No Comment, Quotation — May 22, 2010, 5:59 am

Montesquieu – Tyranny in the Shadow of the Law


Il n’y a point de plus cruelle tyrannie que celle que l’on exerce à l’ombre des lois et avec les couleurs de la justice: lorsqu’on va, pour ainsi dire, noyer des malheureux sur la planche même sur laquelle ils s’étoient sauvés.

Et comme il n’est jamais arrivé qu’un tyran ait manqué d’instruments de sa tyrannie. Tibère trouva toujours des juges prêts à condamner autant de gens qu’il en put soupçonner. Du temps de la république, le sénat, qui ne jugeoit point en corps les affairs des particuliers, connoissoit, par une délégation du peuple, des crimes qu’on imputoit aux alliés. Tibère lui renvoya de même le jugement de tout ce qui s’appeloit crime de lèse-majesté contre lui. Ce corps tomba dans un état de bassesse qui ne peut s’exprimer; les sénateurs alloient au-devant de la servitude; sous le faveur de Séjan, les plus illustres d’entre eux faisoient le métier de délateurs.

No tyranny is more cruel than that which is practiced in the shadow of the law and with the trappings of justice: that is, one would drown the unfortunate by the very plank by which he would hope to be saved.

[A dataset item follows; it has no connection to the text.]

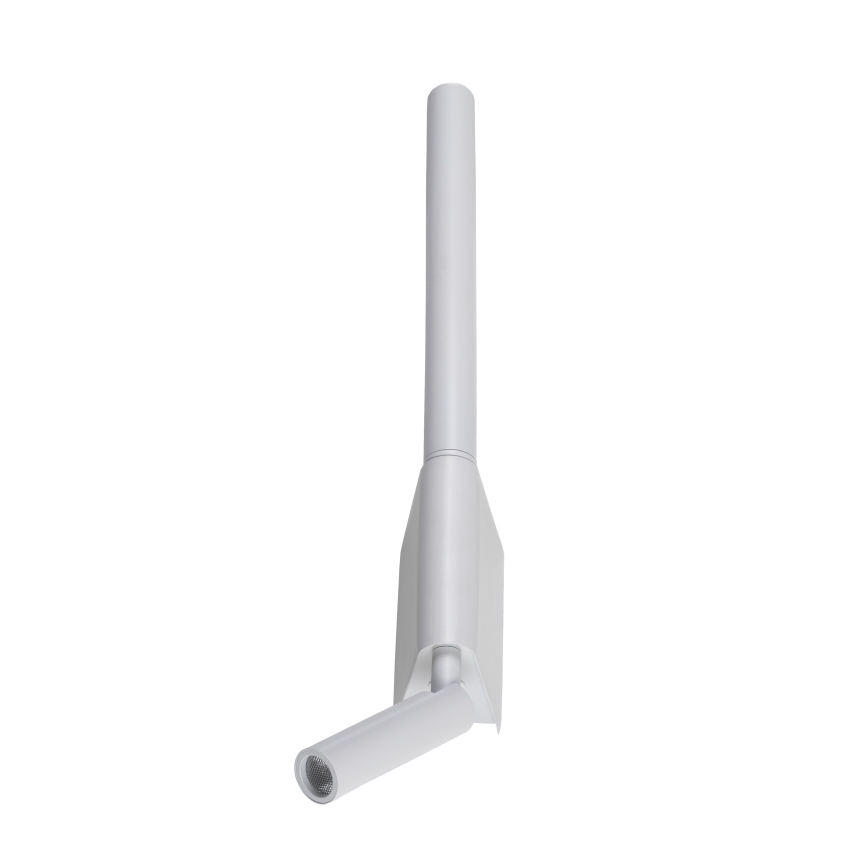Brilagi - LED Nástěnné bodové svítidlo VIXON LED/3W/230V + LED/5W bílá CRI 90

Moreover, no tyrant ever lacks the instruments necessary to his tyranny. Tiberius always found the judge who was prepared to sentence any person of whom he had the slightest suspicion. In the time of the republic the senate, which did not as a body pass judgment on specific transactions, nevertheless, through a delegation of the people, took cognizance of crimes that were imputed to allies. In a like manner, Tiberius referred to this body the adjudication of all crimes which he considered an act of offense against his person. The senate then fell into a state of utter degradation such as can scarce be described; the senators themselves led the processional into their own enslavement. Under the patronage of Sejanus, the best known among them competed to be informers for the emperor.

–Charles de Secondat, Baron de Montesquieu, Considérations sur les causes de la grandeur des Romains et de leur décadence, ch. xiv (1734) contained in Œuvres complètes, vol. ii, p. 144 (R. Caillois ed. 1951)(S.H. transl.)

The American Founding Fathers were influenced by the lessons they drew from a study of antiquity and particularly helped in this process by Montesquieu and his essay of the rise and collapse of liberty in Rome. In Montesquieu’s study of Tiberius, he reflects how the institutions of government were steadily corrupted by those who sought the favor of the emperor. Judges convicted and sentenced anyone of whom Tiberius grew suspicious; senators vied with one another in denouncing their rivals to him. This reflects the weakness of human nature in the face of power, but Montesquieu focuses on how it causes the disintegration of the justice system. There is something particularly pernicious about a situation in which the outer trappings of justice exist, but the substance has been replaced with a craven homage to the power of the executive. Montesquieu drew on Tactitus for his examples, but subsequent human history can recount many others. In 1946, for instance, just this concern about the warping of justice by a tyrannical spirit led to a decision, controversial at the time it was formed, to put justice ministry officials, prosecutors and judges on trial for their complicity in crimes against humanity under the Nazi regime. Powerful as that example was, others can be cited in societies which retain a better semblance of justice. As for example, in the just-past Bush Administration, in which lawyers of the Justice Department issued memoranda approving torture with presidential authority, authorized warrantless surveillance, launched bogus prosecutions of political rivals and indulged the bribing of foreign government officials in commercial dealings, all in the name of executive power elevated above the law, but given the benefit of formal legality.

Listen to Claudio Arrau perform Ludwig van Beethoven’s Piano Concerto No. 5 in E-Flat Major, op. 73 (1809-11). In the English-speaking world, this work carries the title “The Emperor,” a reference to Napoleon, though that was not of Beethoven’s choosing. Beethoven welcomed and admired Napoleon when he first emerged on the stage of world politics; he viewed him as the herald of a new era of democracy and civil rights. But when Napoleon crowned himself emperor, Beethoven viewed this as an act of betrayal. Beethoven’s attitude towards imperial assumptions of power was mocking, not magnifying.